40 betroffene Schüler sollen ihre Schulen verlassen. Die Verhandlungen mit Kiel zum Gastschulabkommen laufen.

Hamburg/Kiel. Petra Peters hofft auf eine menschliche Lösung für ihren Sohn Jeremy. Der 16-Jährige, der die 10. Klasse des Gymnasiums Lohbrügge besucht, soll dieses im Sommer verlassen und in Schleswig-Holstein zur Schule gehen. So will es die Politik.

Mindestens 40 Schüler aus dem Nachbar-Bundesland, die in Hamburg zur Schule gehen, müssen ihr Gymnasium oder ihre Gesamtschule nach der 10. Klasse verlassen. So sieht es das Interimsabkommen zwischen den beiden Nordländern vor, nachdem Hamburg das Gastschulabkommen im vergangenen gekündigt hatte. Neue Schüler dürfen nur in Ausnahmefällen aufgenommen werden.

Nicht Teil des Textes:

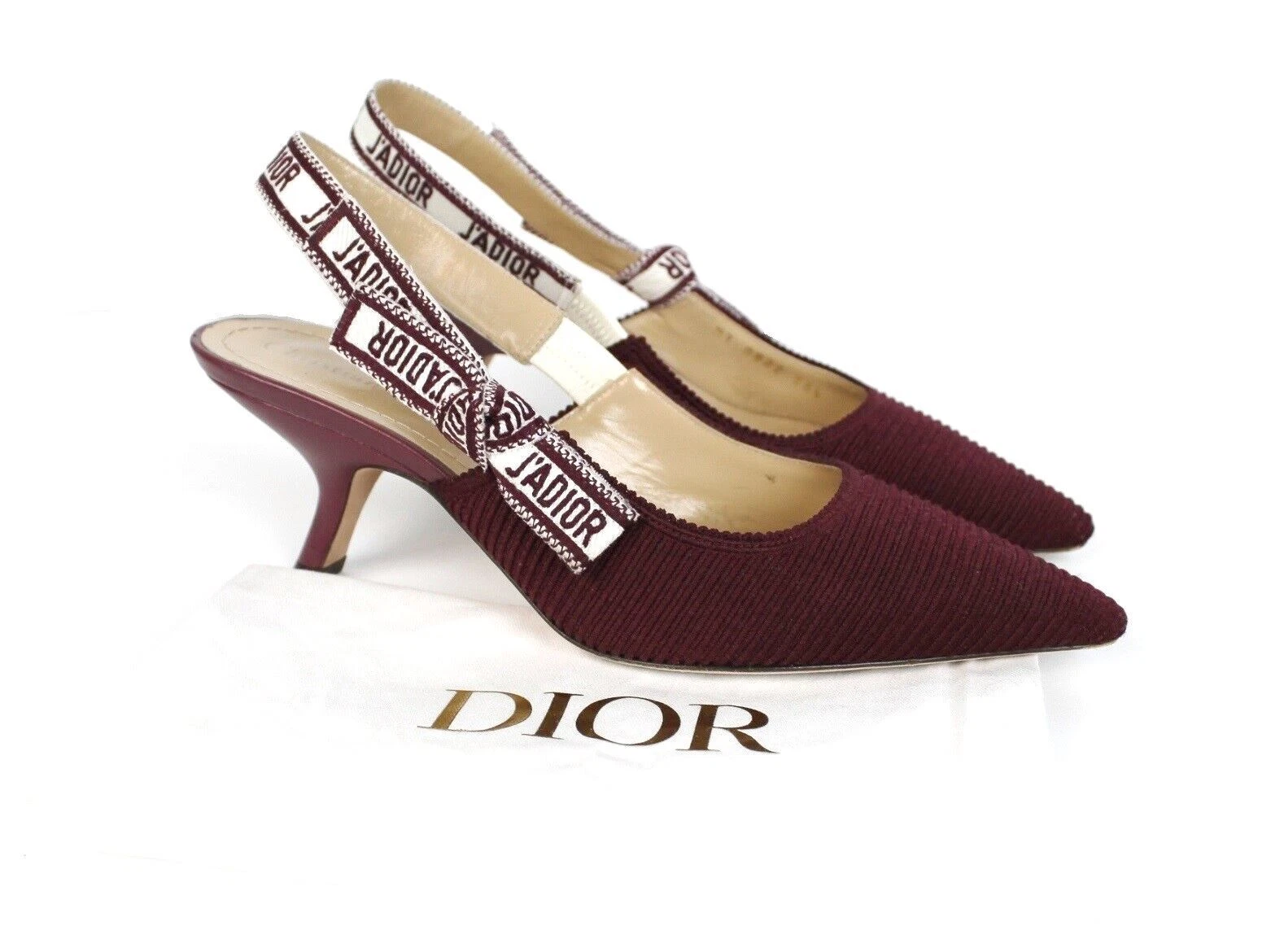 Pompe à fronde JADIOR coton brodé Christian Dior Bourgogne taille 38,5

Nach dem Abkommen dürfen 200 Schüler aus Barsbüttel an Hamburger Gymnasien pauken, Förderzentren, Privatschulen und bestimmte Berufsschulen in Hamburg besuchen. Schüler aus Barsbüttel müssten sonst zu einem Gymnasium in Schleswig-Holstein deutlich weiter fahren. Für Förder-, Privat- und Berufsschüler gibt es im Norden keine entsprechenden Angebote.

"Die Hamburger Schulbehörde hat Jeremy damals als Härtefall anerkannt, weil ihn seine Oma in Bergedorf nach der Schule betreut hat", sagt Petra Peters. "Niemand hat uns damals gesagt, dass er dort nicht sein Abitur machen kann." Sie fordert, dass diese Abschulung nicht umgesetzt wird. Unterstützung kommt von der Hamburger SPD: "Wir haben einen Antrag gestellt, dass dieses Abschulen ausgesetzt wird", sagte der SPD-Schulexperte Ties Rabe.

Die Verhandlungen über das neue Gastschulabkommen, das zum Jahreswechsel in Kraft treten soll, haben in dieser Woche begonnen. Nach Angaben des Kieler Schulministeriums gab es in Kiel ein erstes Gespräch zwischen dem Hamburger Bildungsstaatsrat Ulrich Vieluf und seinem Kieler Kollegen Eckhard Zirkmann. In den nächsten zwei Wochen soll es eine weitere Runde geben. Mit einem schnellen Abschluss ist nicht zu rechnen.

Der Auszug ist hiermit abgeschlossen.